:: DATA EXCERPTS

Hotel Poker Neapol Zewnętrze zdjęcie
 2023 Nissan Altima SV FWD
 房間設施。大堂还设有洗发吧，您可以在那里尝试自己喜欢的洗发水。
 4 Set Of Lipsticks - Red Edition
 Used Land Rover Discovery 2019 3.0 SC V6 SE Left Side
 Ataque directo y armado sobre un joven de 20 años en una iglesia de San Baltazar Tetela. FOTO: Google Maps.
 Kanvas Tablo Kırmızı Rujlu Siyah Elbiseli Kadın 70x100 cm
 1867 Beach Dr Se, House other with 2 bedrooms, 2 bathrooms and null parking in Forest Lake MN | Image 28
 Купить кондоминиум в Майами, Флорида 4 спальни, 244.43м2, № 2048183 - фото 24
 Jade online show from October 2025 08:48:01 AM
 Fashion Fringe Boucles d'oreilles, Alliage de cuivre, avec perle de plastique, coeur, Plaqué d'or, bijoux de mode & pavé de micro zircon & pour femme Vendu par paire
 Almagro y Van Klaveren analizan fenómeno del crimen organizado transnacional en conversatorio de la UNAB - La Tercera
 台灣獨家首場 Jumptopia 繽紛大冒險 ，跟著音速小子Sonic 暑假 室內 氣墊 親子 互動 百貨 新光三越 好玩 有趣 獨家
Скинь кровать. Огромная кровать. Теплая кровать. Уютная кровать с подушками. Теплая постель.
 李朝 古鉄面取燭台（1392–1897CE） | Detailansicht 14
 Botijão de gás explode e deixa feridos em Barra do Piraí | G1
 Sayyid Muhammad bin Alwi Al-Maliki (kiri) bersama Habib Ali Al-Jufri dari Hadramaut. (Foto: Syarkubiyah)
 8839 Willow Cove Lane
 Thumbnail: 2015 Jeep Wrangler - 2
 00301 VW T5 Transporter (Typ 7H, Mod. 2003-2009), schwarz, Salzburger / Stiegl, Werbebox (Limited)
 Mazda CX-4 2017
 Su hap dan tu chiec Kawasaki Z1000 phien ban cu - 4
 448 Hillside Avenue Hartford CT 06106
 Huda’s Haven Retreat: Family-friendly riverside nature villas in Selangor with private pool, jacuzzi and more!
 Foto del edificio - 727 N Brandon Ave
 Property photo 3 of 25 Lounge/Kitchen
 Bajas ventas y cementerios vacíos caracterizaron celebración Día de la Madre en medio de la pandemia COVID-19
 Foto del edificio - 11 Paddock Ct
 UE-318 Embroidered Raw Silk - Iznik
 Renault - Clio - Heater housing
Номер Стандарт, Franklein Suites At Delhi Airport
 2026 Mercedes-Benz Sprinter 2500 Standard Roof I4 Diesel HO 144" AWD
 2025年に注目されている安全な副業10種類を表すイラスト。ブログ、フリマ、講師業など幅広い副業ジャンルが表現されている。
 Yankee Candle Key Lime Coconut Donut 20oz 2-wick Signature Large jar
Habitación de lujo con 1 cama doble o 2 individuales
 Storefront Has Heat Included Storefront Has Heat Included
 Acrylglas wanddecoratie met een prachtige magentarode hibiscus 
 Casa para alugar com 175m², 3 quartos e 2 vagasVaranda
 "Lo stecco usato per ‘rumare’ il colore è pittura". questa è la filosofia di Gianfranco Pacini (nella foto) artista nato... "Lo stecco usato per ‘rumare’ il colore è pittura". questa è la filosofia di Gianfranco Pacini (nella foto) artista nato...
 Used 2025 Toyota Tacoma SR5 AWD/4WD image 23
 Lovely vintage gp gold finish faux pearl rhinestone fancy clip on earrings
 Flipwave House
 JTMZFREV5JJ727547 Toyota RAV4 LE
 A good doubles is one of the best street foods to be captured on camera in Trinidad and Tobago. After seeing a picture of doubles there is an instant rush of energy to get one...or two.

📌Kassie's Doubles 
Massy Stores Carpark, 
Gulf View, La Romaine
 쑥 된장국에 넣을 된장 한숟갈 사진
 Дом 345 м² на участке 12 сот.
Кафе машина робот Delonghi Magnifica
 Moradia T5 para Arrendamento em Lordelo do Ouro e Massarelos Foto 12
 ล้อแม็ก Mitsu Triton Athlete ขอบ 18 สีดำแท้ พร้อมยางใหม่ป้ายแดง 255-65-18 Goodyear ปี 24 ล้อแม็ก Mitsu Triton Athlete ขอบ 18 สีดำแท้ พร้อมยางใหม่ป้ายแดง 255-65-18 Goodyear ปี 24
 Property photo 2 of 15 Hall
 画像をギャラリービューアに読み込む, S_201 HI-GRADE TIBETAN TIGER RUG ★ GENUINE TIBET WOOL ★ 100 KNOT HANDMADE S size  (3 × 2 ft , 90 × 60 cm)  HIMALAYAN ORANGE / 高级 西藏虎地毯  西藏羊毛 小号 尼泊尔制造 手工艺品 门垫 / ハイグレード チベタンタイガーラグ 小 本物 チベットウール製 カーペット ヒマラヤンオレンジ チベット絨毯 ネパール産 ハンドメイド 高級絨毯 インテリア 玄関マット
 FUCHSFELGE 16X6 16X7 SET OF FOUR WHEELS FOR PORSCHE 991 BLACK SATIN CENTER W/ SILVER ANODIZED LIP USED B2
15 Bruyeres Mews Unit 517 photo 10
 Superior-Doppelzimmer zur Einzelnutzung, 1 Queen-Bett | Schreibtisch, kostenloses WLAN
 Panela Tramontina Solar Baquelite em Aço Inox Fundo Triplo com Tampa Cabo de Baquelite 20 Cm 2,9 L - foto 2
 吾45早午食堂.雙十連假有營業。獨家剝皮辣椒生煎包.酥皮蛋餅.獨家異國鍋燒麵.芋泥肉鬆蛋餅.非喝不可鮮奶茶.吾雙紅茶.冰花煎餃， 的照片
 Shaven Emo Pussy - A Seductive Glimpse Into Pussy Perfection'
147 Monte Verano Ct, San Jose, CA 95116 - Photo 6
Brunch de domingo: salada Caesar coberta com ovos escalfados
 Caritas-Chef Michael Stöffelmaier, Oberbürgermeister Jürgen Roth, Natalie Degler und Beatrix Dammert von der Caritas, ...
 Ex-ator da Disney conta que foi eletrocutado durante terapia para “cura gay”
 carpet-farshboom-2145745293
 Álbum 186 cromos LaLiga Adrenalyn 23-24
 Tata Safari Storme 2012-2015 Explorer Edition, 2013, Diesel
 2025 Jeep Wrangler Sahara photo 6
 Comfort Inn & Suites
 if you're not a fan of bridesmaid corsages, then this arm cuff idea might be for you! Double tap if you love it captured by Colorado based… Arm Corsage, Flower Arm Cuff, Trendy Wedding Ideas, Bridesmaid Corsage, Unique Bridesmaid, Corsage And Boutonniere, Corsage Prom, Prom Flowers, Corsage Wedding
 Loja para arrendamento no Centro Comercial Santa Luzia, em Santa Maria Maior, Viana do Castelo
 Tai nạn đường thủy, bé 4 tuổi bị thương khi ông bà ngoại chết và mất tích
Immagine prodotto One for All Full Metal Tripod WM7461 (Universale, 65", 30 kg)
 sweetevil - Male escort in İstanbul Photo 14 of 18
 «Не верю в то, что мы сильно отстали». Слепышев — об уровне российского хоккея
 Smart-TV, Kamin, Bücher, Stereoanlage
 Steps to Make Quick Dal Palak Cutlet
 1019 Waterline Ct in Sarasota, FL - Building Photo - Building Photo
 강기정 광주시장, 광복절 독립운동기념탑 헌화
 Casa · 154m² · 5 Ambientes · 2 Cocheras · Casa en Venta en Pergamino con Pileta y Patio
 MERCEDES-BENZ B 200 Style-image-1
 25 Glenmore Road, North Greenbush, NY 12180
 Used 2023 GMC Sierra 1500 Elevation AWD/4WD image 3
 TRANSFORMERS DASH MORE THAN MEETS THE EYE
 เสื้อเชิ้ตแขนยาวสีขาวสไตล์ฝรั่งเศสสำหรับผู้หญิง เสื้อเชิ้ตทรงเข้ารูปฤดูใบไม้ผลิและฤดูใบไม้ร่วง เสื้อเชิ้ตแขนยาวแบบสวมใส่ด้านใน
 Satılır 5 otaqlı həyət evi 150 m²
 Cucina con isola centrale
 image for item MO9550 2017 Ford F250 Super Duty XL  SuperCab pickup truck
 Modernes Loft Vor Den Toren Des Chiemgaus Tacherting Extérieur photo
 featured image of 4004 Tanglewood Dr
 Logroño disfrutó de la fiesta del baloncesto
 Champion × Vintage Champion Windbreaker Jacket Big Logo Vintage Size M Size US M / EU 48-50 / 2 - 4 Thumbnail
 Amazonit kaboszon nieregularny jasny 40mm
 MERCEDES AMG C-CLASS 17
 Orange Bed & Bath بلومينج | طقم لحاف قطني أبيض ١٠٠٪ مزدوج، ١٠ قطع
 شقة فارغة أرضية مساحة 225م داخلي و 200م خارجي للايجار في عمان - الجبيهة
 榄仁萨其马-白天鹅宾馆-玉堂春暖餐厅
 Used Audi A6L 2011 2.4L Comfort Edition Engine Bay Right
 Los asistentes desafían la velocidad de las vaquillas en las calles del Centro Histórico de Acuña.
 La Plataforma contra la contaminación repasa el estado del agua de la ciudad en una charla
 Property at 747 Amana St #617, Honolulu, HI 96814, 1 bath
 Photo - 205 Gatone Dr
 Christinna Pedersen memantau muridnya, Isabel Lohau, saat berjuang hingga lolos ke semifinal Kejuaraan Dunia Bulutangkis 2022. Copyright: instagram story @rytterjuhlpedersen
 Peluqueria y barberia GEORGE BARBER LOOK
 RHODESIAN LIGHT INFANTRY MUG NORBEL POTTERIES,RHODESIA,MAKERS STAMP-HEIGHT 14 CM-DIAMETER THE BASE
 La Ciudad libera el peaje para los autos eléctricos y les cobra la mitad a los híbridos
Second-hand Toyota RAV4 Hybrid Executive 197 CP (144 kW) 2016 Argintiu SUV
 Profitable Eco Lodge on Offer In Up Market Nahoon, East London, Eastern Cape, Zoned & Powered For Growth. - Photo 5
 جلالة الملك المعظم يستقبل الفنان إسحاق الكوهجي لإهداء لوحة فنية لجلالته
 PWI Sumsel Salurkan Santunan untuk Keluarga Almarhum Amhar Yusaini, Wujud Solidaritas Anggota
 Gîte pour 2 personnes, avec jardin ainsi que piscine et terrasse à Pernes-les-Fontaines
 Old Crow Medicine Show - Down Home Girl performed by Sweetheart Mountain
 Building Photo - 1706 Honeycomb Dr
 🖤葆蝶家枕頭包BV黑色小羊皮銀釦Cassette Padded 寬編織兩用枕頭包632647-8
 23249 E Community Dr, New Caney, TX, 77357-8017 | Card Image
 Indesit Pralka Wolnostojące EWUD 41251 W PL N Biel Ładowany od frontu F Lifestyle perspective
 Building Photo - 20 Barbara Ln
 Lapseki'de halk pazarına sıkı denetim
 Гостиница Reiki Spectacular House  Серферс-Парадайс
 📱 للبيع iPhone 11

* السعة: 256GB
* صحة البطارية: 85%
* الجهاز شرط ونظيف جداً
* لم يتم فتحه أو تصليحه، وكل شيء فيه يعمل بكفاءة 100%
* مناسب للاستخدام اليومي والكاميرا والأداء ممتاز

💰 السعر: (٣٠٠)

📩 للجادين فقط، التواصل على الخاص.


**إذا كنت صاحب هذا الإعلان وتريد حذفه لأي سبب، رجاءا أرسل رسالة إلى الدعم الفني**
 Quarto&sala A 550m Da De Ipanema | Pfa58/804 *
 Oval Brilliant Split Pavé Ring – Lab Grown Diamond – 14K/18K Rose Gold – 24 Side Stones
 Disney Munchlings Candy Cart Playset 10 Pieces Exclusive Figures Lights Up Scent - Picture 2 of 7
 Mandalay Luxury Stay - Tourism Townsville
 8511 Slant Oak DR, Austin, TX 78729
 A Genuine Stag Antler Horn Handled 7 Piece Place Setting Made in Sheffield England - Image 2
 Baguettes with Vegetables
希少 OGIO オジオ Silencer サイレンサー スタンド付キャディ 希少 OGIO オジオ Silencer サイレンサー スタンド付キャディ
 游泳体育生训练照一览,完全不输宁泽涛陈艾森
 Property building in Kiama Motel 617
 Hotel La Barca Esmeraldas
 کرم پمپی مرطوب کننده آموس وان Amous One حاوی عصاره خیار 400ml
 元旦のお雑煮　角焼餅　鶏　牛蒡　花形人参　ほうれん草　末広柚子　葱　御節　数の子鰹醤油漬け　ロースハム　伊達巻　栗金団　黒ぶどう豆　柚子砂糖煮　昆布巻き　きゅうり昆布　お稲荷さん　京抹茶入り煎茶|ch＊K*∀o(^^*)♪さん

::::

PROBLEM: Look above for the line with "Casa · 154m²" and the line with "Amazonit kaboszon nieregularny jasny 40mm". Write out those two lines and all the lines between them, exactly, and no others.

ANSWER TO THE EXERCISE:
 Casa · 154m² · 5 Ambientes · 2 Cocheras · Casa en Venta en Pergamino con Pileta y Patio
 MERCEDES-BENZ B 200 Style-image-1
 25 Glenmore Road, North Greenbush, NY 12180
 Used 2023 GMC Sierra 1500 Elevation AWD/4WD image 3
 TRANSFORMERS DASH MORE THAN MEETS THE EYE
 เสื้อเชิ้ตแขนยาวสีขาวสไตล์ฝรั่งเศสสำหรับผู้หญิง เสื้อเชิ้ตทรงเข้ารูปฤดูใบไม้ผลิและฤดูใบไม้ร่วง เสื้อเชิ้ตแขนยาวแบบสวมใส่ด้านใน
 Satılır 5 otaqlı həyət evi 150 m²
 Cucina con isola centrale
 image for item MO9550 2017 Ford F250 Super Duty XL  SuperCab pickup truck
 Modernes Loft Vor Den Toren Des Chiemgaus Tacherting Extérieur photo
 featured image of 4004 Tanglewood Dr
 Logroño disfrutó de la fiesta del baloncesto
 Champion × Vintage Champion Windbreaker Jacket Big Logo Vintage Size M Size US M / EU 48-50 / 2 - 4 Thumbnail
 Amazonit kaboszon nieregularny jasny 40mm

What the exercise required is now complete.